* _Task statement_: Transcribe all the entries word for word, omitting any pictures they contain.

* _Data section_:

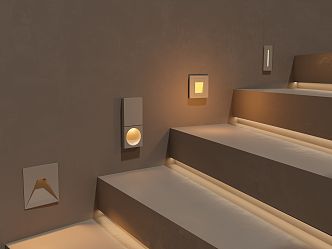 Floor lamp induction lamp stair lamp step wall lamp 3d model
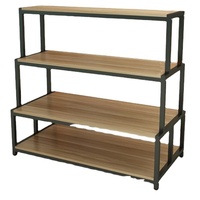 Étagère de présentation trapézoïdale double face classique en bois et métal à 100 niveaux, multi-couches, montage facile, estampage à chaud électronique par pulvérisation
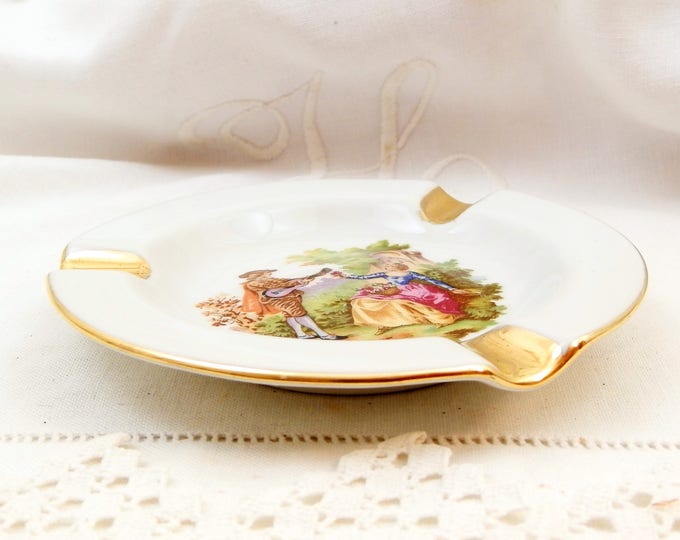 Vintage French Limoges Porcelain D'Art Ceramic Ashtray with Romantic Scene, White Gold Glaze, Bone China Ash Tray from France, Trinket Bowl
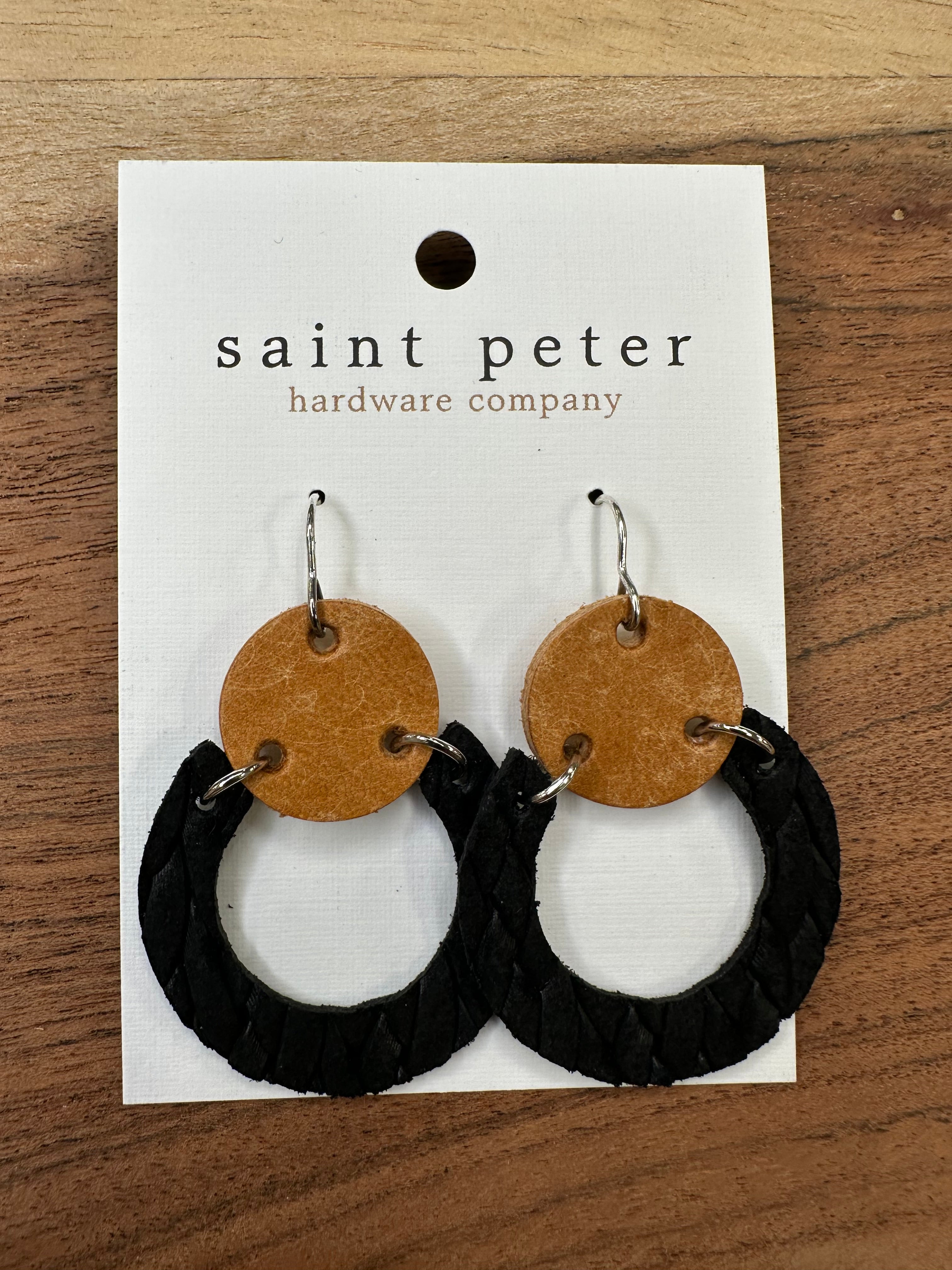 Brown/Black Round Earrings Jewelry - Earrings St. Peter Hardware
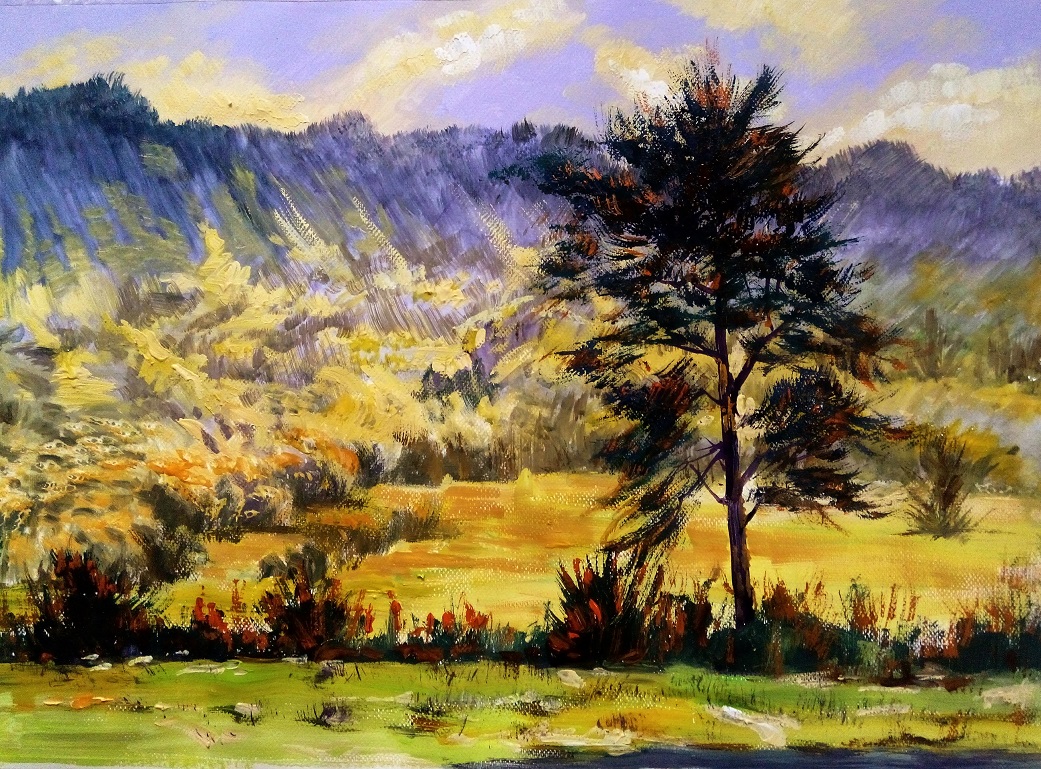 水粉画 《龙江秋色》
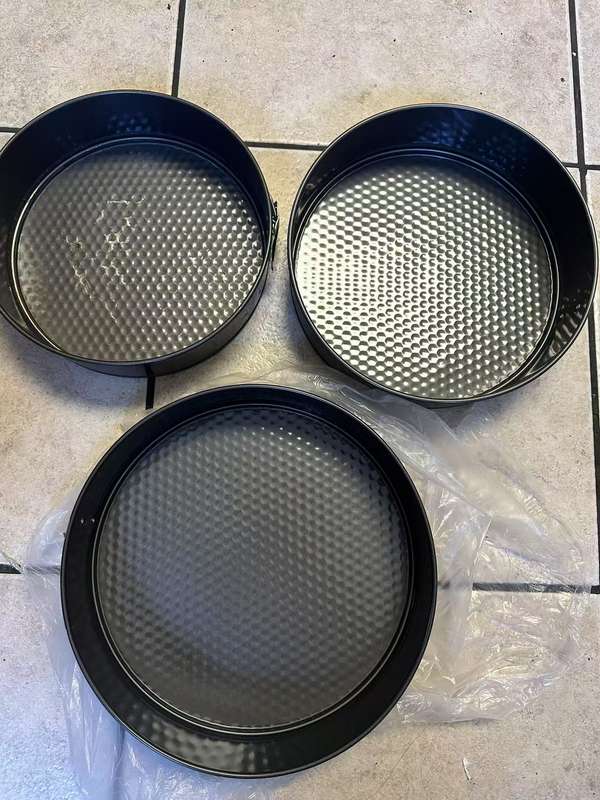 Set of 3 Non-Stick Pan Cake Mould Carbon Steel Round Pan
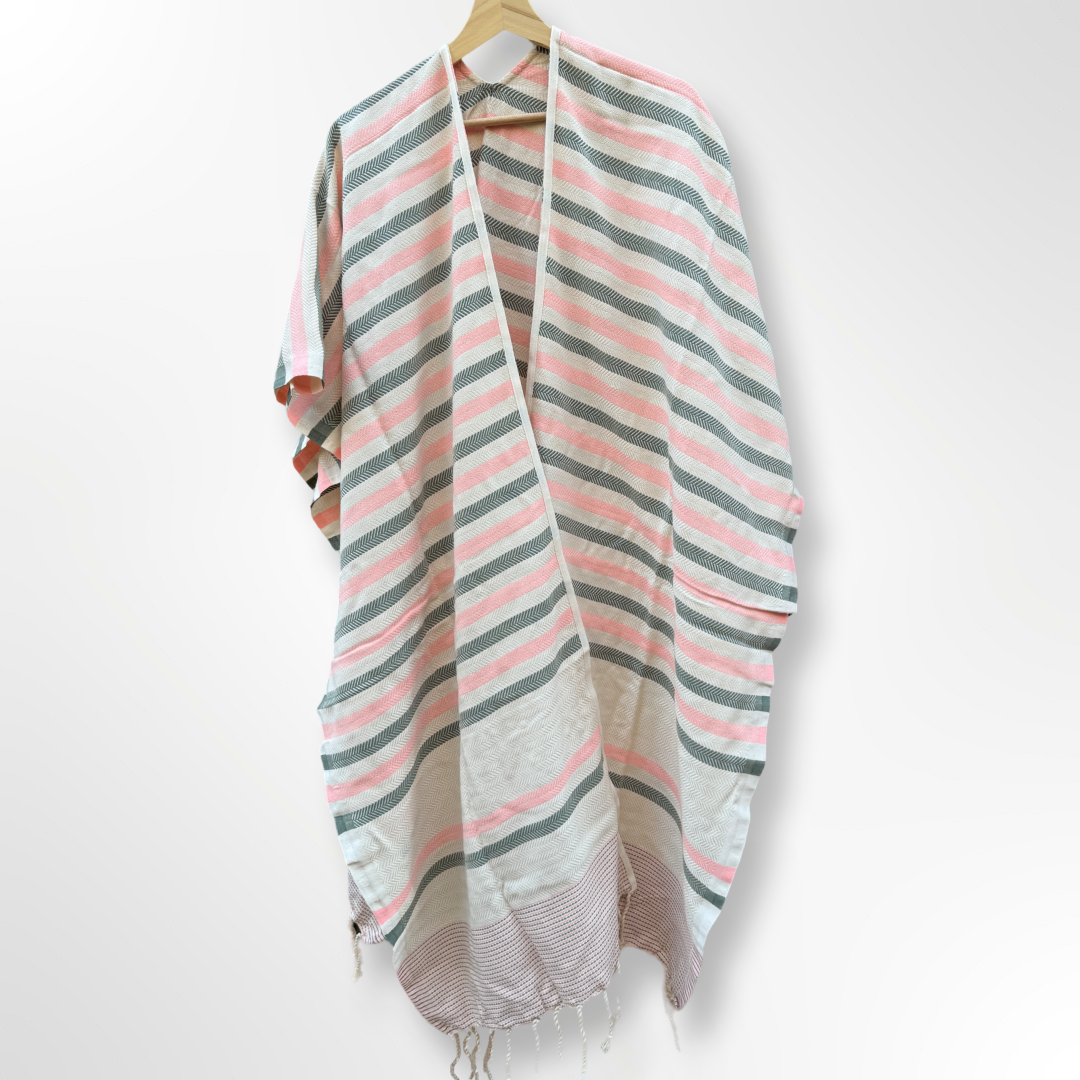 Ocean Breeze Cover-Ups Wavelux Poncho Light Pink Grey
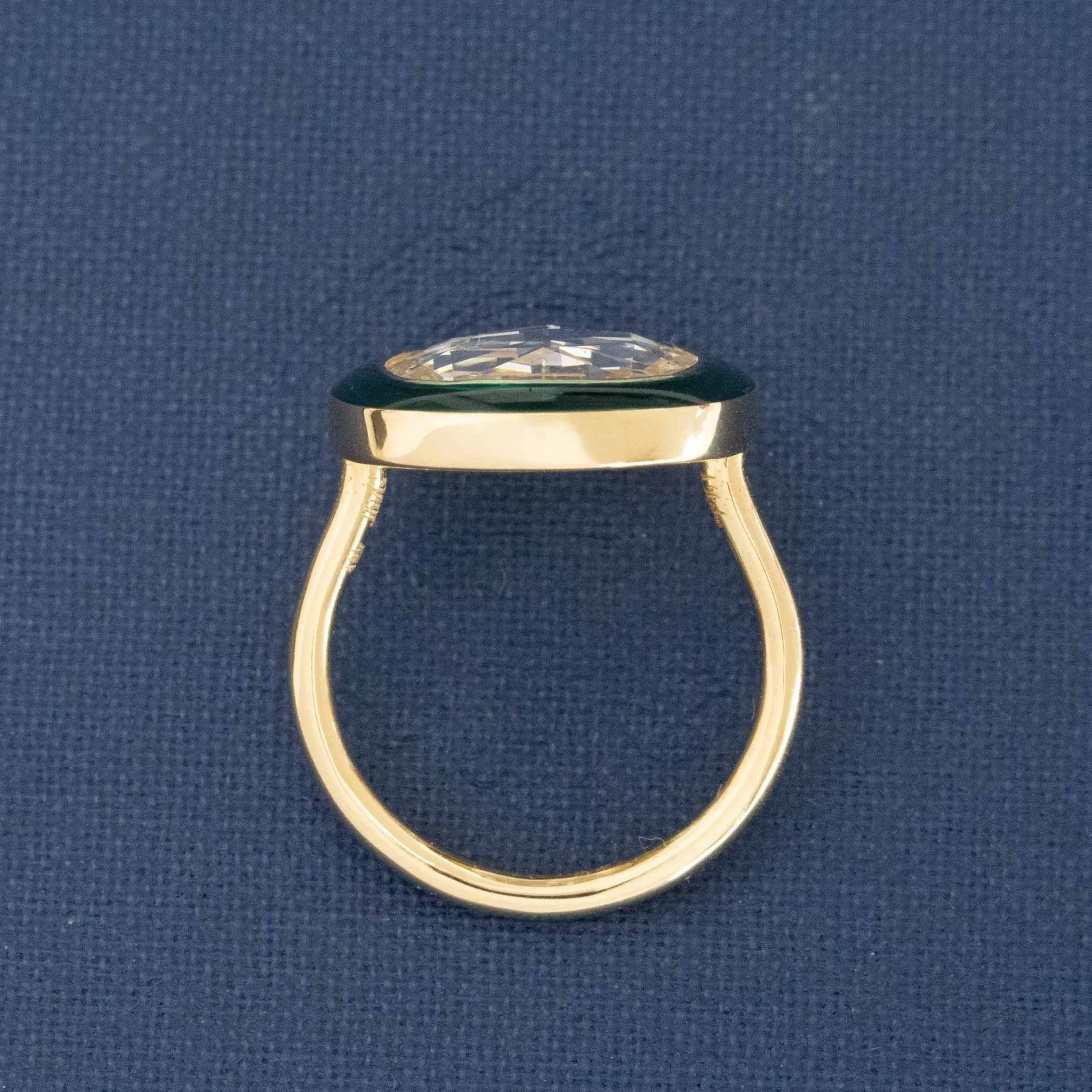 4.26ct Cushion Rose Cut Diamond Enamel Target Ring, GIA K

* _Problem solution_:
 Floor lamp induction lamp stair lamp step wall lamp 3d model
 Étagère de présentation trapézoïdale double face classique en bois et métal à 100 niveaux, multi-couches, montage facile, estampage à chaud électronique par pulvérisation
 Vintage French Limoges Porcelain D'Art Ceramic Ashtray with Romantic Scene, White Gold Glaze, Bone China Ash Tray from France, Trinket Bowl
 Brown/Black Round Earrings Jewelry - Earrings St. Peter Hardware
 水粉画 《龙江秋色》
 Set of 3 Non-Stick Pan Cake Mould Carbon Steel Round Pan
 Ocean Breeze Cover-Ups Wavelux Poncho Light Pink Grey
 4.26ct Cushion Rose Cut Diamond Enamel Target Ring, GIA K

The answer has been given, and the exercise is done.